Ipea: Sarney, Collor e FHC erraram ao deixar serviço público na mão do setor privado

Estudo mostra que investimentos em transportes cresceram de R$ 7 bilhões para R$ 23,4 bilhões no governo Lula, puxados pelo desempenho do setor rodoviário

São Paulo – O Instituto de Pesquisa Econômica Aplicada (Ipea) considera um equívoco a decisão tomada pelos governos das décadas de 1980, 1990 e começo dos anos 2000 de deixar ao setor privado investimentos que cabem ao Estado. 

Em estudo divulgado ontem (14), os pesquisadores Carlos Alvares da Silva Campos Neto e Fernanda Serna de Moura indicam que o período compreendido pelos governos de José Sarney (1985-90),  Fernando Collor (1990-92), Itamar Franco (1992-94) e Fernando Henrique Cardoso (1995-2002) foi guiado pela leitura de que o setor privado poderia ser uma alternativa para a garantia dos investimentos necessários ao desenvolvimento nacional e ao bem-estar social. 

“Contudo, deve-se ter clareza sobre os limites para o interesse do capital privado – o retorno financeiro dos empreendimentos”, adverte o comunicado. “Ressalta-se que a estruturação de financiamento a projetos de infraestrutura fica condicionada às expectativas de viabilidade econômico-financeira.” Em outras palavras, neste período de quase duas décadas o setor privado fez aportes unicamente nas áreas nas quais vislumbrava uma alta taxa de retorno, como em energia.
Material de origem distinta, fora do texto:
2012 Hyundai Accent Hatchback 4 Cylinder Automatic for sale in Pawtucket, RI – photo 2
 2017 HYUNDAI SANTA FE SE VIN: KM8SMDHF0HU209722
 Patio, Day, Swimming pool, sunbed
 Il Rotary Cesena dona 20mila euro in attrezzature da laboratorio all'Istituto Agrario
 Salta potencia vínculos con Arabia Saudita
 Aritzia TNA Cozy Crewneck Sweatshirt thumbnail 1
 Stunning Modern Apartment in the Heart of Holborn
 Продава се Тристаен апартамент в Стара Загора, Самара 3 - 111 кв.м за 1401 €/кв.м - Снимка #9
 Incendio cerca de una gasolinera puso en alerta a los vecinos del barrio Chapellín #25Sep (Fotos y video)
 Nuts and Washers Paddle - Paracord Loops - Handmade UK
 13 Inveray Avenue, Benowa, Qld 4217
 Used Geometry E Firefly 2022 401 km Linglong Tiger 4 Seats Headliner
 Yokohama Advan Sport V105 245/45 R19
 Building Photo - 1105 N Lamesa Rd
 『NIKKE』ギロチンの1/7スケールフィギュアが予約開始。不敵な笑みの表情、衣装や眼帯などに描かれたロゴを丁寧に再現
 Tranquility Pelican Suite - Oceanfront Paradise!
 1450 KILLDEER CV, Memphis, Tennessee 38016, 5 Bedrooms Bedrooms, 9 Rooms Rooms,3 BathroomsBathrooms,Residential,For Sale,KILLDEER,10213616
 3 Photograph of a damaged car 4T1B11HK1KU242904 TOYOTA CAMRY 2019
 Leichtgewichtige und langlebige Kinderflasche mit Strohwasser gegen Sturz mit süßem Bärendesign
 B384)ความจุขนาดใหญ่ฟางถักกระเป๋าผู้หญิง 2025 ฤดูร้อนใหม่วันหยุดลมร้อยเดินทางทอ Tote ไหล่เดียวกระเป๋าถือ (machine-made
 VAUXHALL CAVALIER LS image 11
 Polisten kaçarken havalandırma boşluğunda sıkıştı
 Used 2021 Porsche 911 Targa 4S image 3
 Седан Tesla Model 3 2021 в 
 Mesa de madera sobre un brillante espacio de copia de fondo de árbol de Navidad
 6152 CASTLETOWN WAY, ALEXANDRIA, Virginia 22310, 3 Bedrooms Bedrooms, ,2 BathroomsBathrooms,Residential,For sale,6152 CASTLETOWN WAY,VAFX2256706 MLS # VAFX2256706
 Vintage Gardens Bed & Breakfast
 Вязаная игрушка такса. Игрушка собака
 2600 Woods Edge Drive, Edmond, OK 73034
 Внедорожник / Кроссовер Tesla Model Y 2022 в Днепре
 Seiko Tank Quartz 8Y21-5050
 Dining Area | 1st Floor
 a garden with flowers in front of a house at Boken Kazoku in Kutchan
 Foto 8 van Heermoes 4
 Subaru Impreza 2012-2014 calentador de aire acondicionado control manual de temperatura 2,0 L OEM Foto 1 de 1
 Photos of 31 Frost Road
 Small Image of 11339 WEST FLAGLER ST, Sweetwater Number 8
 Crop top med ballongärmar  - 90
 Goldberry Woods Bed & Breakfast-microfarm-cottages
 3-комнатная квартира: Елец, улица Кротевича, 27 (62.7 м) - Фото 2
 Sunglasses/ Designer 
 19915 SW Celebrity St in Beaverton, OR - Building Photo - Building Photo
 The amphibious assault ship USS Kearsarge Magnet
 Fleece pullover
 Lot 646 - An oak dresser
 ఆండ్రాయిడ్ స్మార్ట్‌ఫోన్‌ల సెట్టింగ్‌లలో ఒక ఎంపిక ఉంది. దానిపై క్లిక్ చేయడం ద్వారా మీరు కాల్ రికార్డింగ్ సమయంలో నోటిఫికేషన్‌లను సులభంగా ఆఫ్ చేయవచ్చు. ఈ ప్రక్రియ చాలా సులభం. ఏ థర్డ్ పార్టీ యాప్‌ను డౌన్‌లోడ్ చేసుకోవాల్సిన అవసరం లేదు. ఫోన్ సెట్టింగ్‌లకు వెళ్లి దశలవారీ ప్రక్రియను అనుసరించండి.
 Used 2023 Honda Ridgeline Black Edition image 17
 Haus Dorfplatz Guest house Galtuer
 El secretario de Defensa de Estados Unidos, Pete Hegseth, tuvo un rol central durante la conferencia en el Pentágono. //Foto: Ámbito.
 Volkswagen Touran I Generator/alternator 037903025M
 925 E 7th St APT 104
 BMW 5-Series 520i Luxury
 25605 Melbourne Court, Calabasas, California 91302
Os pesquisadores consideram que o transporte público foi o mais prejudicado por esta leitura, o que inclui rodovias, ferrovias, portos e aeroportos. De 2003 a 2010, durante o governo Lula, o Estado recuperou a capacidade de desenvolvimento do setor e os investimentos totais, somado o setor privado, foram de R$ 7 bilhões a R$ 23,4 bilhões. “Este resultado reflete a decisão do governo de assumir postura ativa na melhoria da infraestrutura de transporte no país, a fim de reduzir os gargalos ao desenvolvimento”, observa o Ipea. Na malha rodoviária a expansão foi de R$ 2,9 bilhões para R$ 14 bilhões. O aporte particular manteve-se praticamente inalterado ao longo de duas décadas, em R$ 1,8 bilhão, havendo uma ampliação apenas a partir de 2008, por meio do estímulo estatal do Programa de Aceleração do Crescimento (PAC). 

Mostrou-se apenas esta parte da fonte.